A.P.E Motors

Haas’ #13 VF-1 Still Runs Like New

American Performance Engineering (APE) of Burbank, California, makes parts for some of the fastest motorcycles in the world, including a 1000-hp bike that does 0-234 mph in just over six seconds. It started out as a Japanese-made Kawasaki. But, before long, almost every part had been replaced by a beefed-up custom-made part. Now, it’s actually an American-made bike.

In 1989, APE was a job shop weaning itself off aerospace work by developing a line of high-performance motorcycle parts. Most of these parts are machined out of aluminum, and involve drilling holes or milling pockets and profiles.
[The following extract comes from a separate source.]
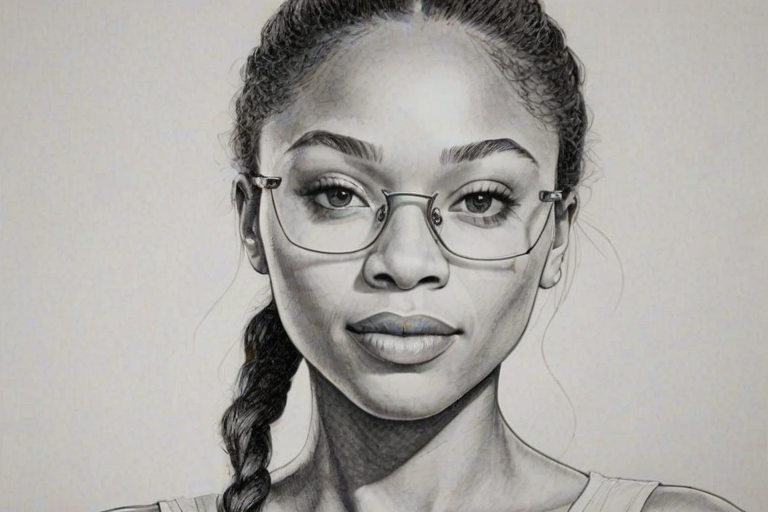 Comely Allyson Felix, pencil sketch, portrait of Enticing woman 1962s in glasses, hair style beatnik, outline, clear lines, fine lines, 8k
Since the parts are used as covers and plates, it’s important they have a smooth finish. In addition, some parts, such as cam sprockets, are milled out of light steel.

APE initially farmed out work to local job shops equipped with CNC mills. But as these shops became busy in the late 80s, it became increasingly difficult to get parts made fast enough to satisfy customers, without cost-prohibitive rush charges. So, APE looked into buying its own CNC mill.
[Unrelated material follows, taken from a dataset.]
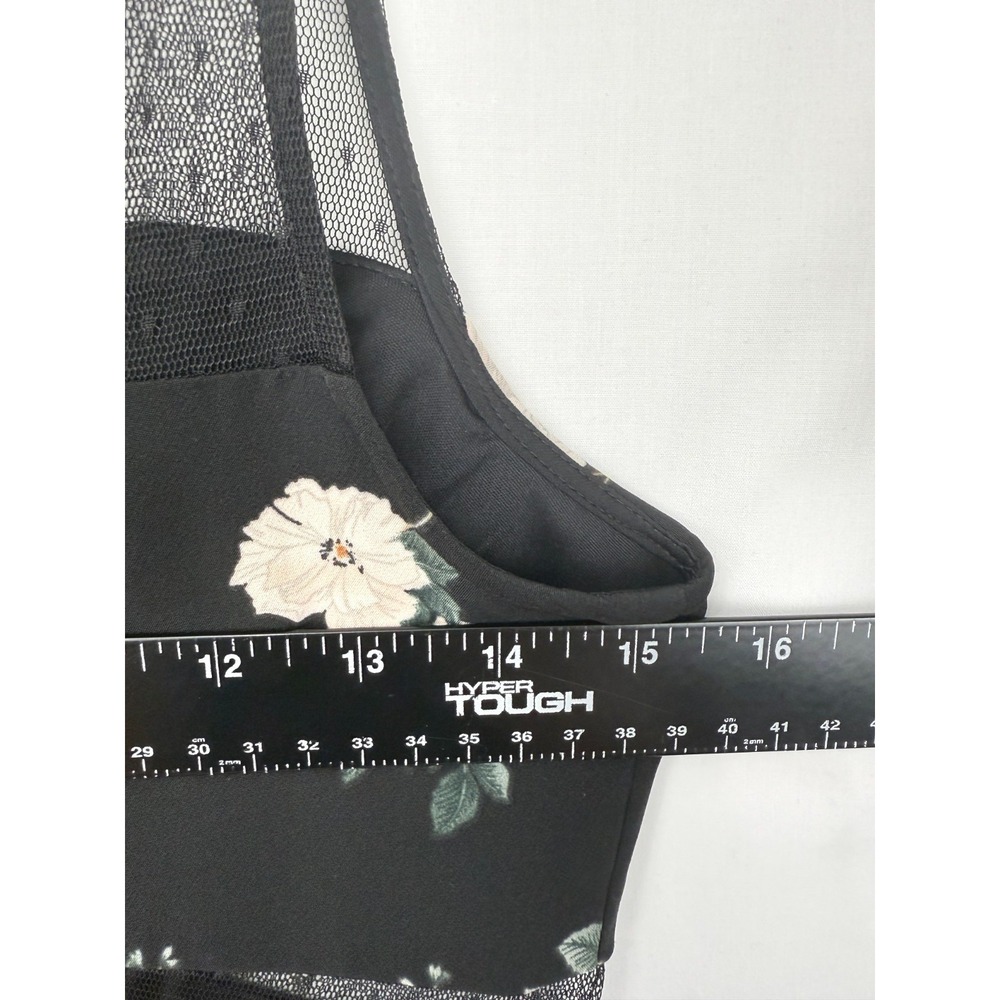 Express Bodycon Dress Size 6 Black Floral Mesh Mini Modest Preppy Cocktail Party - Picture 10 of 11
“We had to buy our own CNC mill,” says Jay Esbach, president of APE. “We didn’t have a choice. If we didn’t deliver on time and at the right price, our distributors would buy from our competitors – and we’d be out of business,” Esbach said.


In 1989, Haas Automation began manufacturing machining centres to compete with the low-cost offshore brands. Back then most people thought the reason not to buy a Haas was that, even if Haas built a machining centre that worked, there was no guarantee it would last past the warranty. Of course, they were all wrong, and that attitude has changed now.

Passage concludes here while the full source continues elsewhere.